Those 4 machines will have to be done one by one in order as @RobH points out. Overall, about an hour of advance notice should suffice, but let's do one each day ? I 'll add tentative maint windows (last 1 day each for your convenience) to the task

ganeti1005 is ready to receive the memory module, feel free to poweroff and proceed. Let me know when done, so I can proceed with repooling and depooling ganeti1006 then.

There's nothing rushing us on this btw, feel free to proposed alternative maint windows.

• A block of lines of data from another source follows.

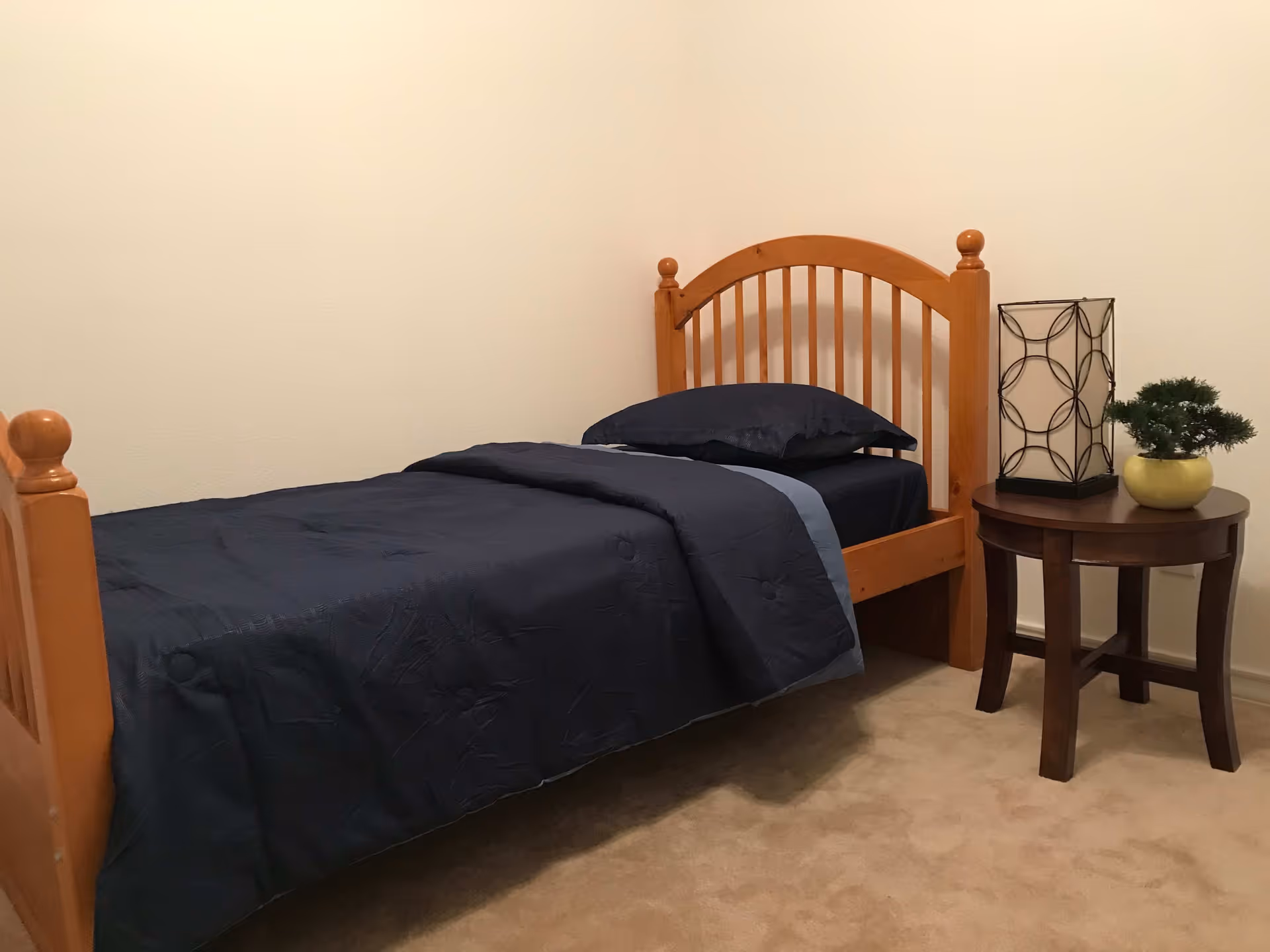 A simple bedroom with a single wooden bed featuring a dark blue bedspread and pillow. Next to the bed is a round wooden side table with a decorative lamp and a small potted plant. The room has beige carpet and plain light-colored walls.
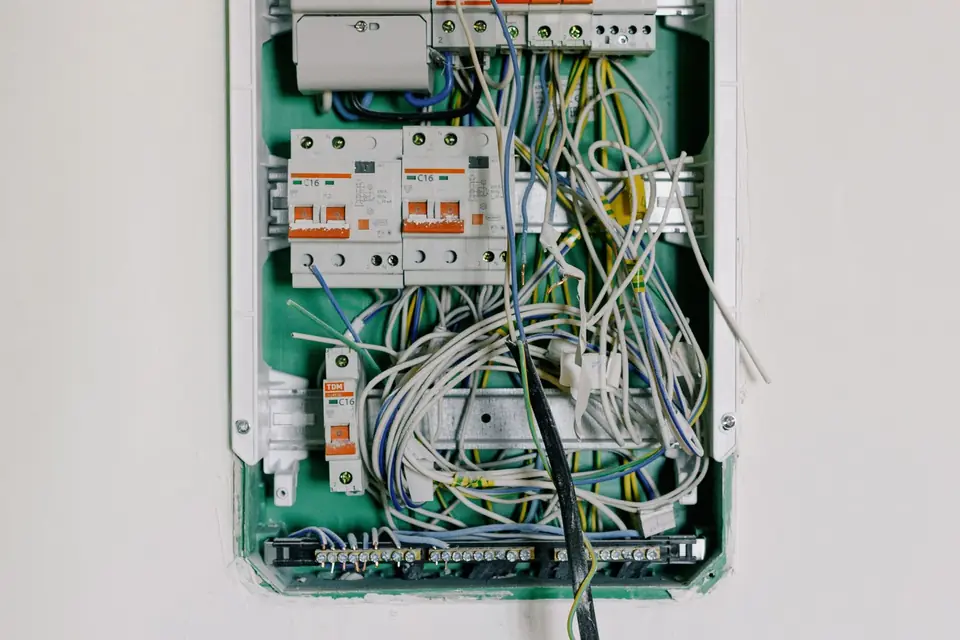 An electrician inspecting a domestic consumer unit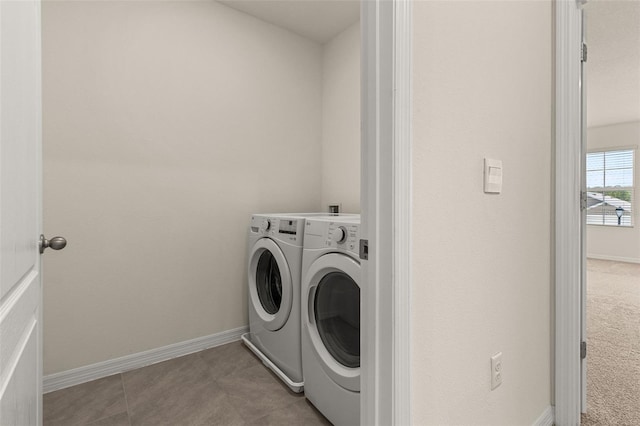 washroom featuring light tile patterned flooring and washer and dryer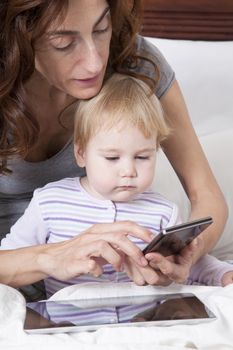 eighteen month aged blonde baby and brunette woman mother watching smartphone and digital tablet on white bed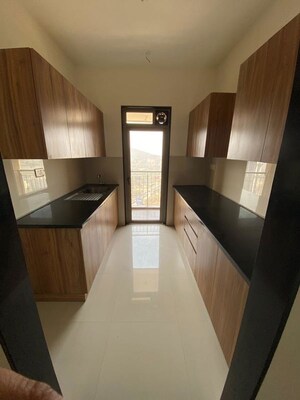 Kitchen in 2 BHK Apartment at Lodha Splendora, Ghodbunder Road – for Rent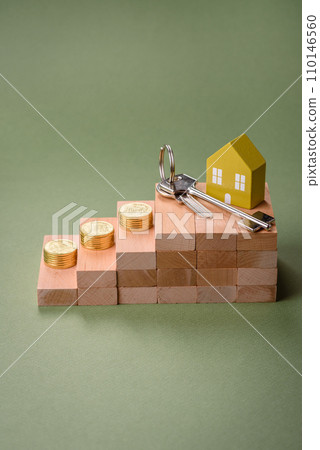 A small wooden house and keys as an idea for investing in your own home A small wooden house and keys as an idea for investing in your own home 110146560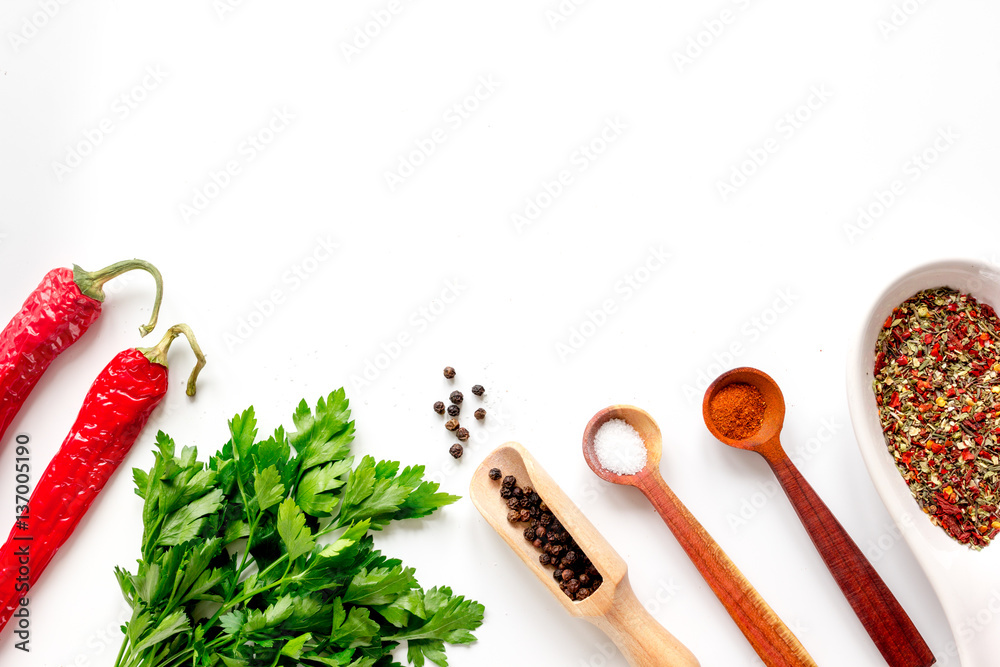 spices in wooden spoon on white background top view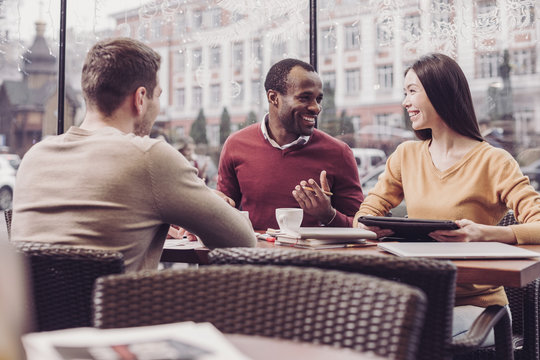 Friendly colleagues. Delighted international man actively gesticulating while talking to his partner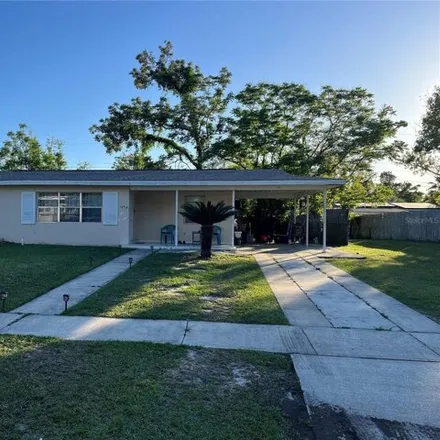Buy this 4 bed house on 1452 Falmouth Avenue in Deltona, FL 32725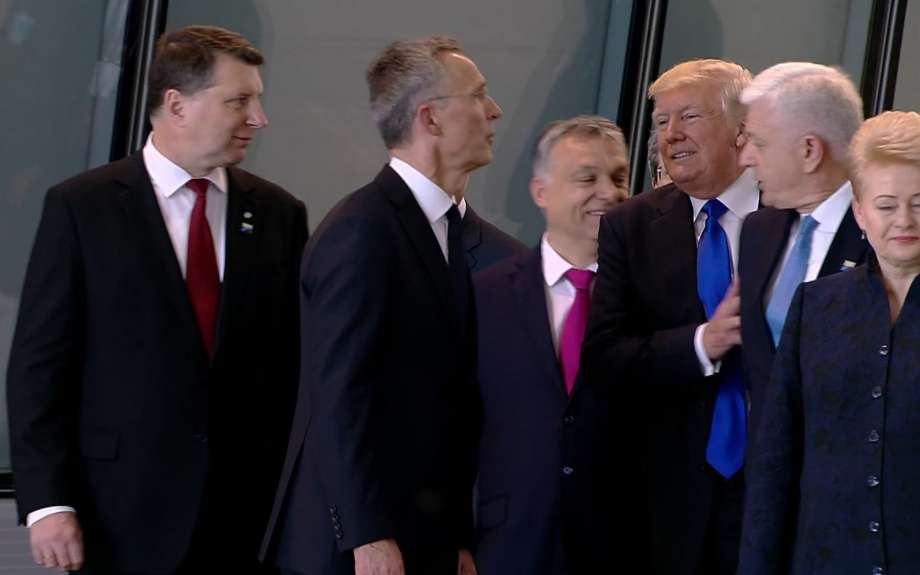 In this image taken from NATO TV Montenegro Prime Minister Dusko Markovic second right appears to be pushed by US President Donald Trump as they were given a tour of NATO's new headquarters after taking part in a group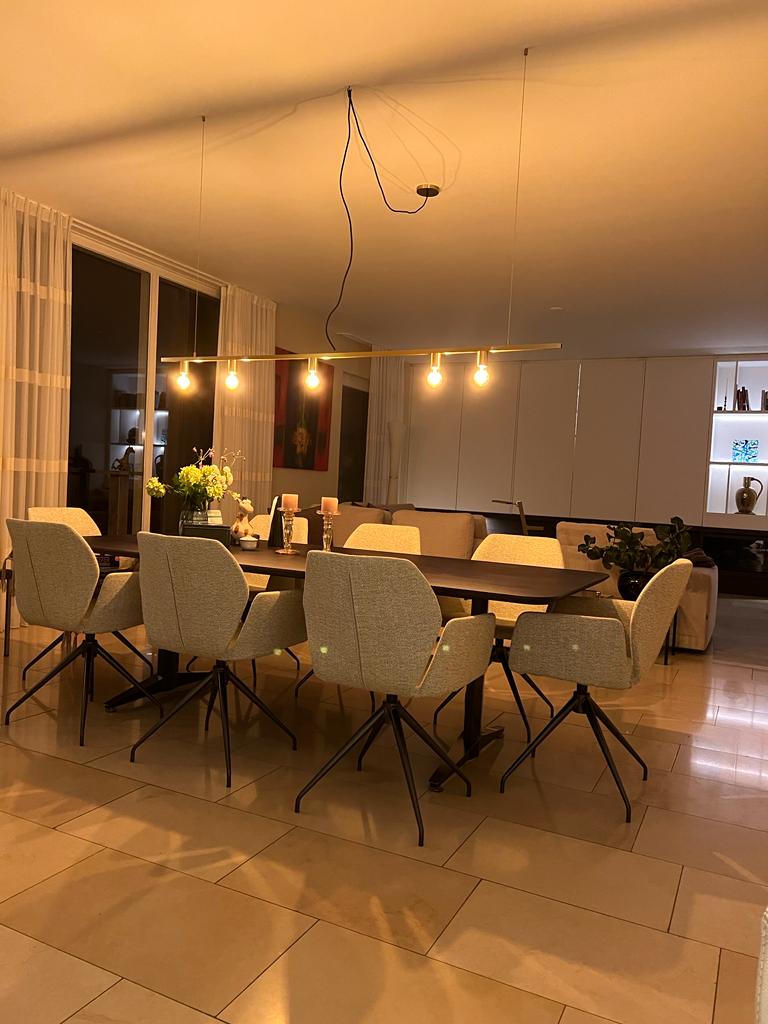 Woon- en eetkamer in één ruimte, met een tafel, stoelen en een zithoek op de achtergrond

@akosiaris what times work best for you i am usually on site tuesday and thursday

@Jclark-ctr: OK, how about 1 host per week? no need for specific timeframes. I 'll have the host depooled, emptied, powered off and downtimed in icinga and ready for the memory upgrade. All you 'll need is to add the memory and power up.

How about the following?
ganeti1005 -> Thursday 25 Jun
ganeti1006 -> Thursday 02 Jul
ganeti1007 -> Thursday 09 Jul
ganeti1008 -> Thursday 16Jul

Let me know if that sounds good to you.

@akosiaris that sounds great ping me on irc if anything comes up

Icinga downtime for 12:00:00 set by akosiaris@cumin1001 on 1 host(s) and their services with reason: Memory upgrade

kubestagetcd1004.eqiad.wmnet

Icinga downtime for 12:00:00 set by akosiaris@cumin1001 on 1 host(s) and their services with reason: Memory upgrade

ganeti1005.eqiad.wmnet

Mentioned in SAL (#wikimedia-operations) [2020-06-25T10:04:41Z] <akosiaris> poweroff kubestagetcd1004 and ganeti1005 for T244530

@Jclark-ctr: ganeti1005 is ready. Fully depooled, downtimed and powered off.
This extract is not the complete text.